If the jumble of names and initials in my heading means nothing to you then move along to the next article, because this one assumes that you know about it. If you do know about it, then I do not need to recite the curious story of the disappearing blog post and the subsequent retraction and apology. I watched the flow of critical comment which followed, all of which reinforced my initial reaction, which was to sit it out and await developments before joining in. I like to know how deep the water is before I wade into it.
I have seen enough of these stories to know that they have a reasonably predictable arc. For one thing, they never emerge in relation to unsuccessful companies; what gives them legs is the fear of competition, and no one bothers to attack the weak. For another, the rebuttals come in slowly, unlike in politics where much unhelpful heat is engendered by the frenetic need to get the counter-attack in at once.
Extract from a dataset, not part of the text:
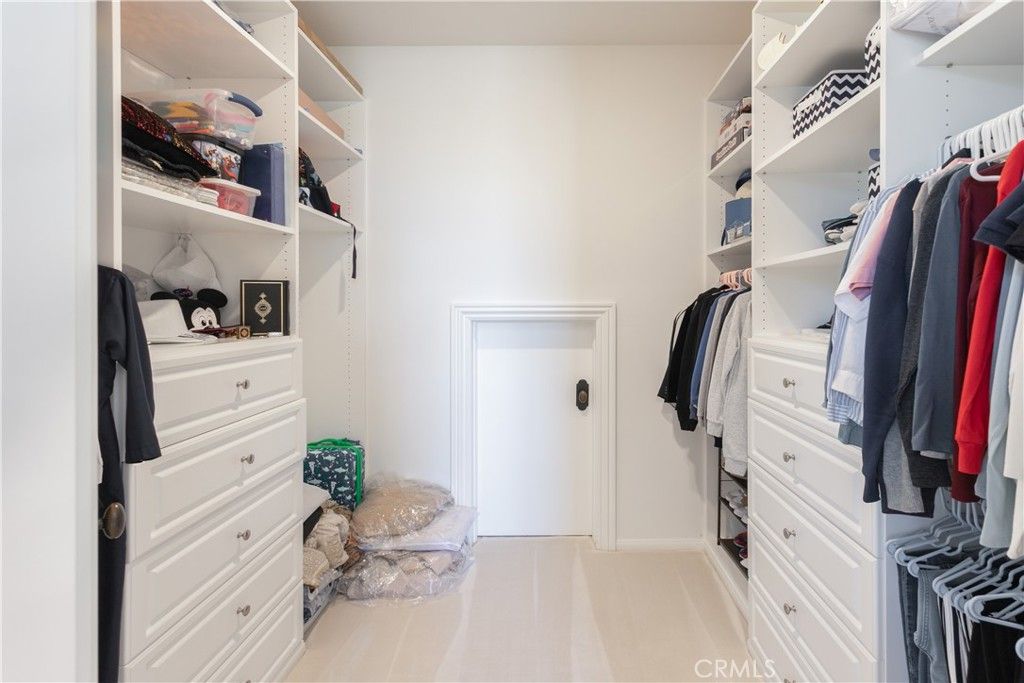Interior, Walk-in Closets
The critics are hampered by a lack of facts, the defenders by client confidentiality. It is all part of the knock-about of competition, of course, and most of the players give as good as they get. Occasionally, the challenge of doing an elegant stiletto job on a rival can result in new ways of describing the benefits of one’s own product. The comments never seem to make the slightest difference to the market share of any of the players, however, inducing merely a “plague on all your houses” reaction from a generally mature audience whose buying decisions are made on much deeper grounds.
Twitter brings you every twist and turn as they happen. The trick is to filter the fact from the assertion, the partisan from the objective. The next development of substance (of apparent substance anyway) was the publication of the so-called Pavlik-Keenan Declaration which, as a formal court document declared “under penalty of perjury”, brought expectations of factual accuracy at the least. The fact that the relevant part of its story seemed inherently implausible did not put me in a position to argue with it. The comment around it was relatively muted, which suggested to me that others too were unsure how far the story would run.
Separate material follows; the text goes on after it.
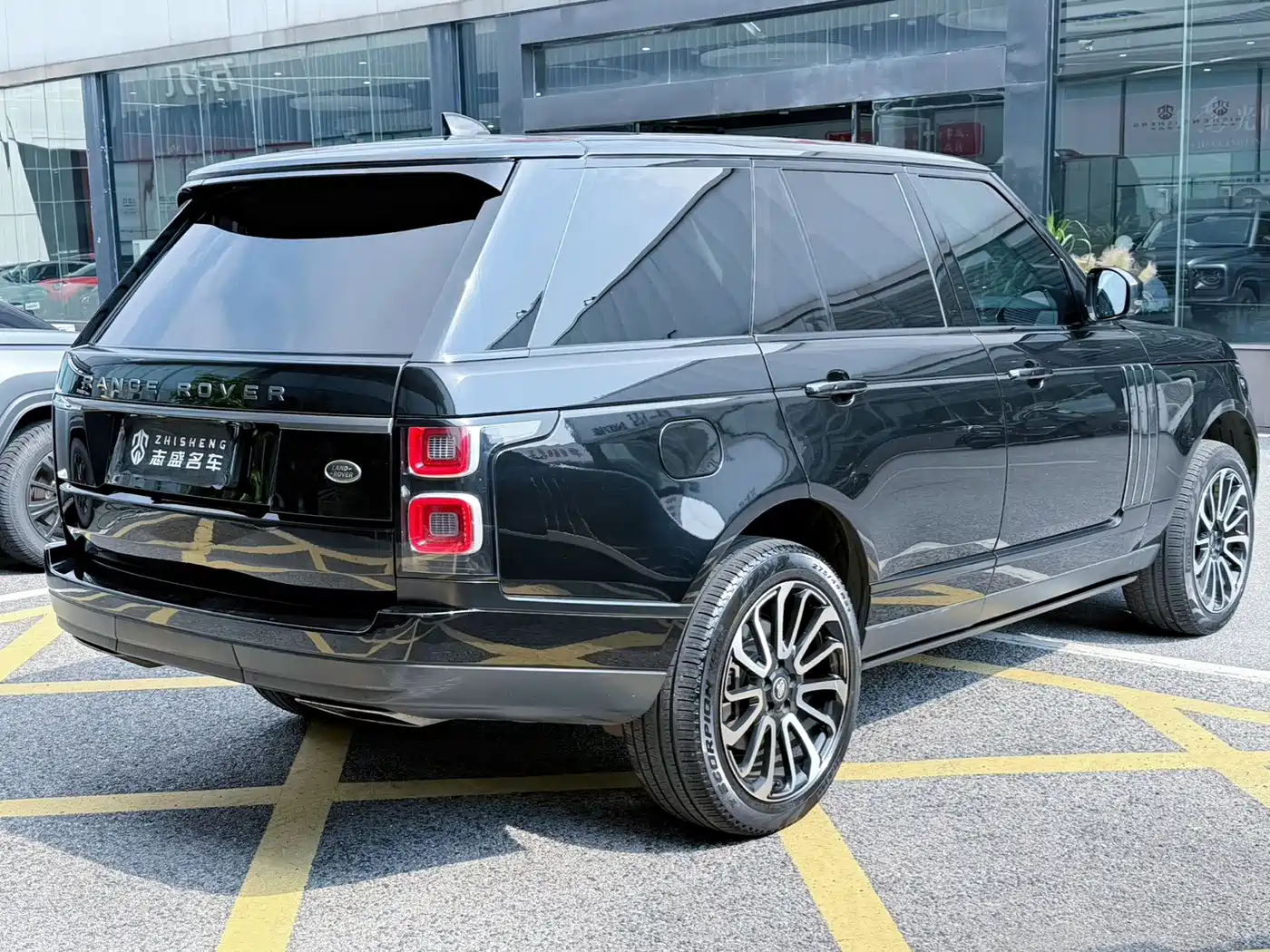 صورة 4 - Land Rover Range Rover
Last week brought the expected article by Aaref Hilaly, CEO of Clearwell, headed Clearwell, NDLON v ICE, and the Pavlik Keenan declaration which, for the first time, allowed me to see both sides of the story (my degree subject was history, don’t forget, so I am predisposed to look for balance and the occasional solid fact). That referred to another court document, the declaration of Ryan Law which corrects those parts of the Pavlik-Keenan Declaration which struck me as implausible when I first saw it, and sets out some points which had been ignored in most of the earlier chatter.
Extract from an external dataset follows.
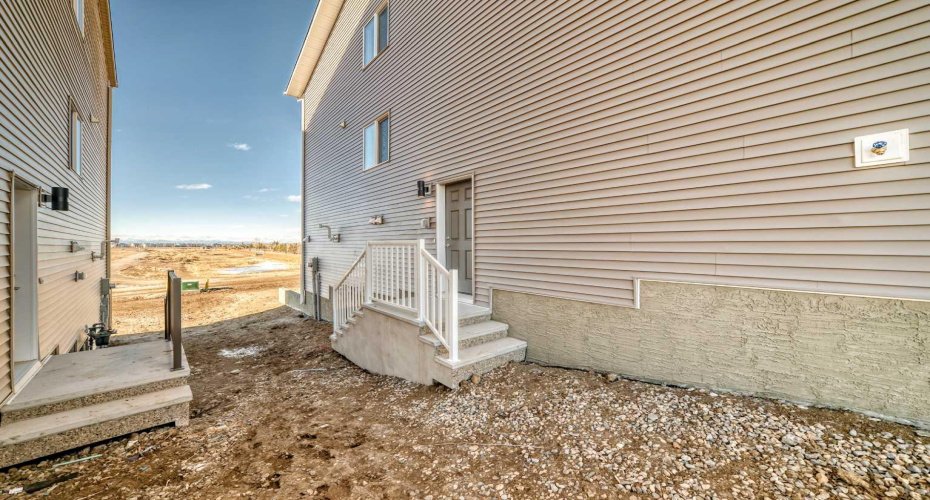 21 Hotchkiss Road, Calgary, Alberta T3S 0T8, 3 Bedrooms Bedrooms, ,3 BathroomsBathrooms,Residential,For Sale,Hotchkiss,A2285215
I do not have to take sides, draw conclusions or make decisions. There is more to come on this one and, as I have suggested, a few hard facts are an indispensible component in any story. It was obviously necessary for me at least to mention it all at some point, but you will note that I have got to the end of my article without saying anything about the case itself. That is the trouble with these inter-provider spats – they take all our eyes off what really matters.